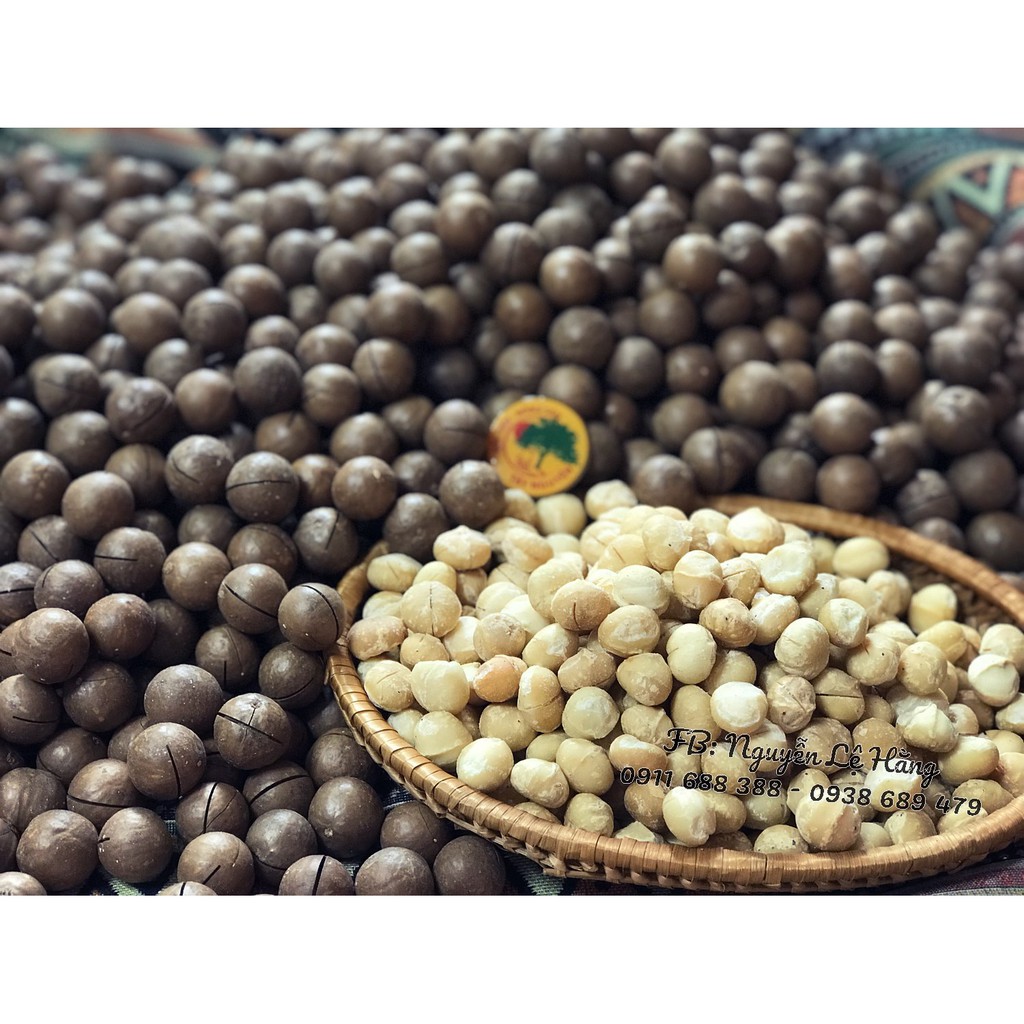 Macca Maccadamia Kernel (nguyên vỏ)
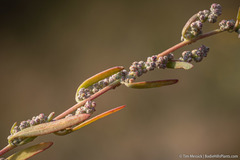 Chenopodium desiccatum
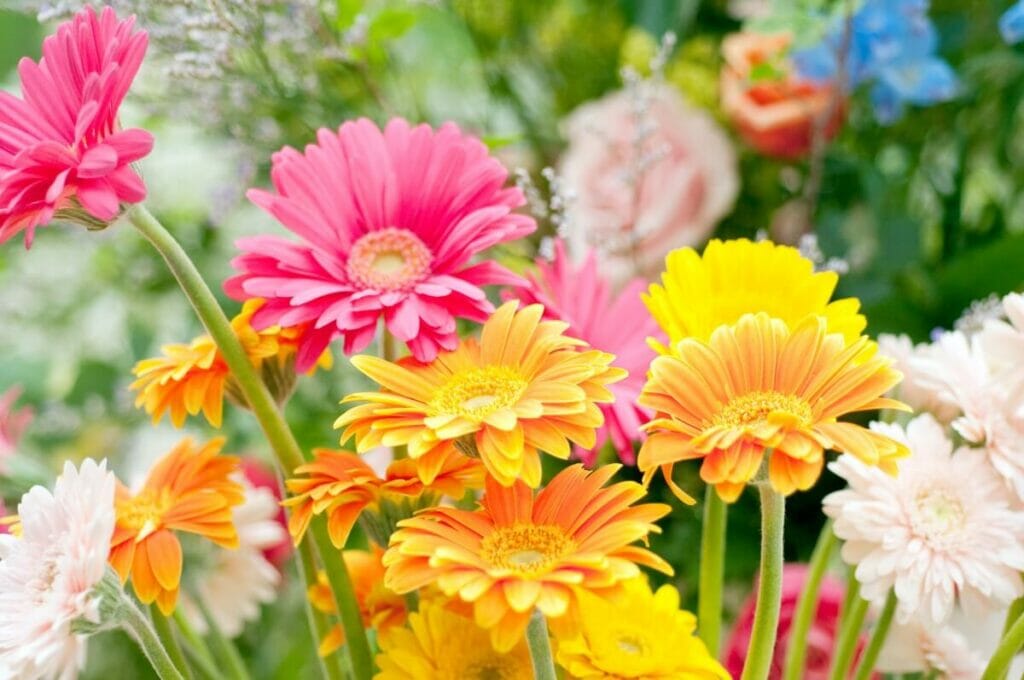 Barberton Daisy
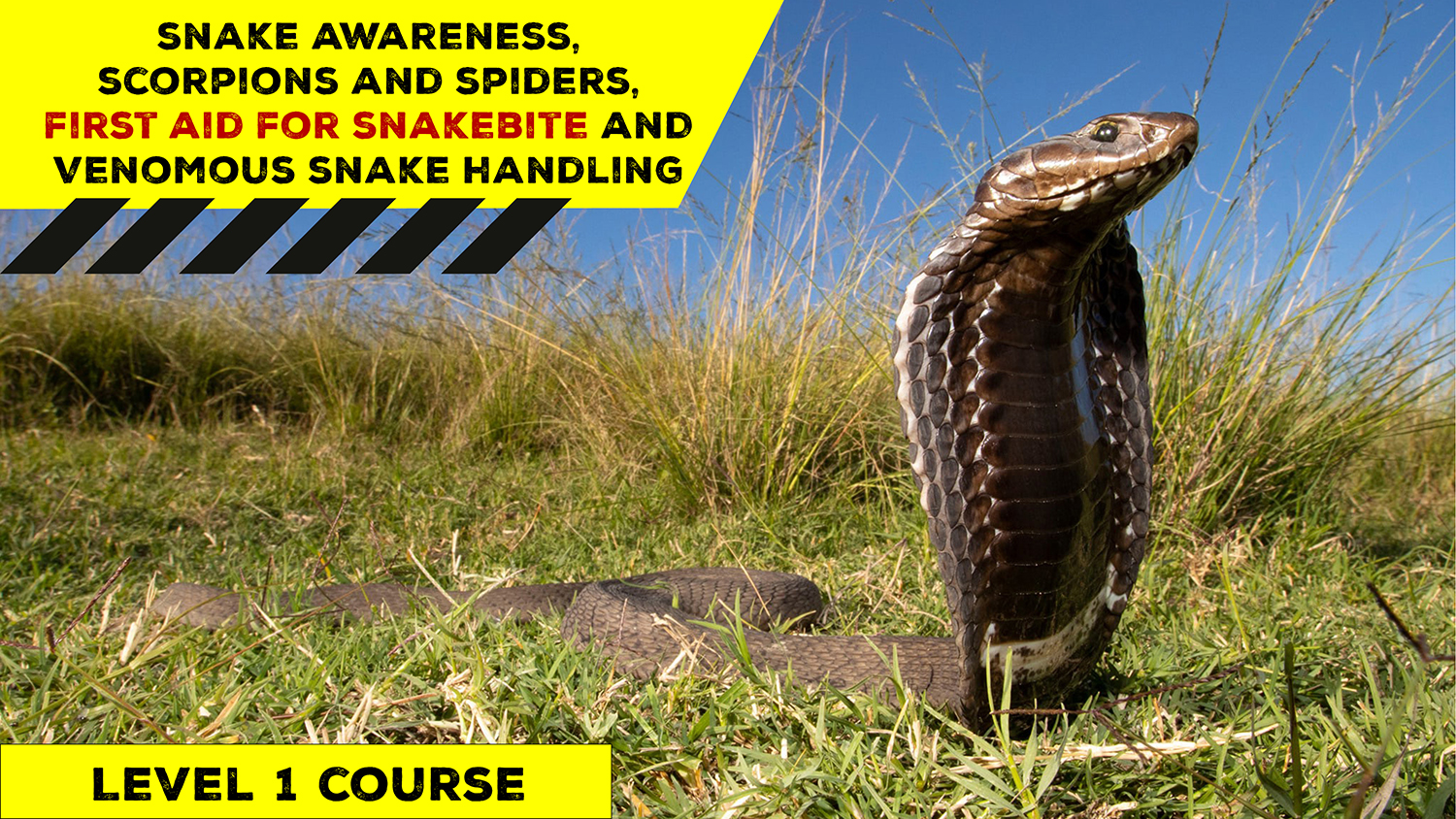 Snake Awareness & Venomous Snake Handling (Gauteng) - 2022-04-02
===============
ABOUT THIS EXERCISE: Retype exactly the lines above, starting at the line containing "Barberton Daisy" and ending with the last line, both included; leave out the pictures.

FINISHED EXERCISE:
 Barberton Daisy
 Snake Awareness & Venomous Snake Handling (Gauteng) - 2022-04-02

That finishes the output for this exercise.